For those of you who have experienced the freeness of His grace, your salvation is a glorious thing! That God, in His grace, would delight to open my eyes to the truth of the gospel, when my sin sought the very opposite is a glorious thing. He is to be praised! The reason that God so delights in this is to show off His mercy. "But God, being rich in mercy, because of his great love with which He loves us, even when we were dead in our transgressions, made us alive together with Christ (by grace you have been saved), and raised us up with Him, and seated us with Him in the heavenly places, in Christ Jesus, in order that in the ages to come He might show the surpassing riches of His grace in kindness toward us in Christ Jesus" (Eph. 2:4-7).
My children are into attracting attention to themselves by the things that they can do. Whether on our play set, whether in the swimming pool, whether on their bikes, whether on a pogo stick, or whether on a scooter, they love to say, "Daddy, look at me." This is what God says with His mercy. He says, "Look at Me! Look at how merciful I have been to wicked, rebellious sinners!" God endures with patience vessels of wrath prepared for destruction, in order to make known the riches of His glory upon vessels of mercy (Rom. 9). We praise God for His glorious grace and kindness to us.
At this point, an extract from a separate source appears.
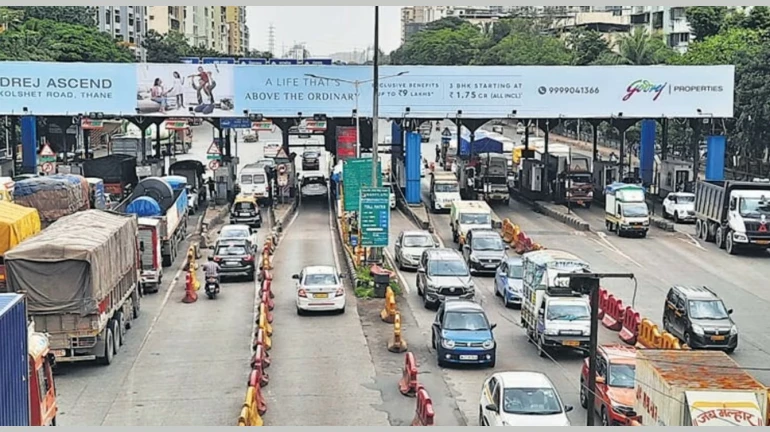 Attention! "These' heavy vehicles banned at Dahisar toll plaza during peak hours - Details here Attention! "These' heavy vehicles banned at Dahisar toll plaza during peak hours - Details here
Some make this claim that such a doctrine destroys evangelism, because, they say, "you can't offer Jesus and His forgiveness freely, because God will only save His elect. Since you don't know the way that the wind is blowing, and whose eyes are being opened, you can't offer the gospel to anybody. You don't know those who God is hiding the truth from. Neither do you don't know those who God is revealing the truth to. Furthermore, God will make known His truth to His elect, whether you tell them or not. So, there is no reason to evangelize if you believe these things." But those who say these things make a leap of logic that the Scripture nowhere makes. Consider Jesus' own statements. Right after He said these things, He gives one of the most tender, all-inclusive of gospel invitations found anywhere in the Bible. We discuss this in our second point this morning...
Jesus said, "Come to Me, all who are weary and heavy-laden, and I will give you rest. Take My yoke upon you, and learn from Me, for I am gentle and humble in heart; and YOU SHALL FIND REST FOR YOUR SOULS. For My yoke is easy, and My load is light" (Matt. 11:28-30).
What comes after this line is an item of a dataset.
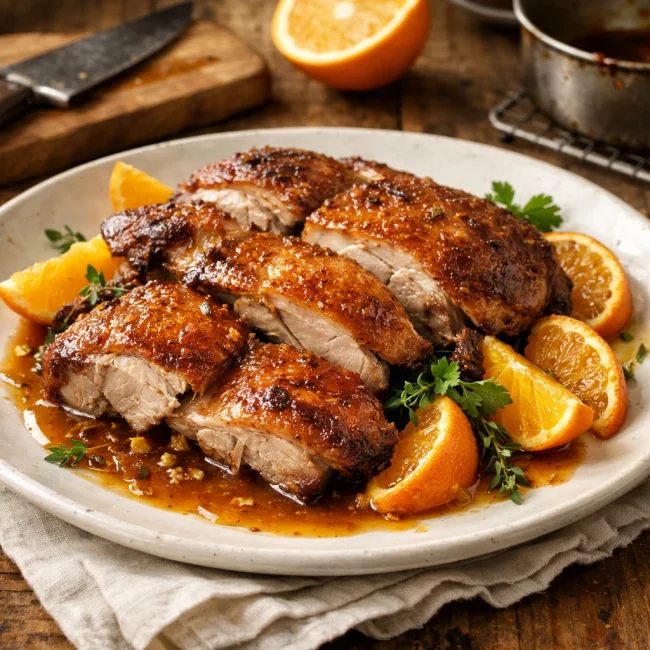 Duck à l’Orange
There are three invitations in this text. Let's look at them:
1. Come (verse 28)
Notice those whom Jesus invites. He does not invite the "wise" or the "intelligent." Neither does He invite the "babes." He doesn't use those categories. Rather, He invites those who are "weary and heavy-laden." It is as though saying, "All those who need salvation, come to me." Those who are "weary" are "weary" because of their labors. The word pictures those who have labored to the point of fatigue. The footnote in the New American Standard Bible says, "wor work to exhaustion." The picture Jesus gives is of the one who has put in a hard day of labor and has come home absolutely exhausted, strong enough only to prop himself up on the couch to get some much needed rest. I'm reminded of my dear, pregnant wife. Yesterday, the storm knocked out our power and left us with no air conditioning. My wife, she had no energy and was very weary. Those who are "heavy-laden" are those who have been bearing a weight upon their shoulders. John Bunyan has done a great service for us here in describing Christian with a big load on his back, picturing all of us before we come to Jesus.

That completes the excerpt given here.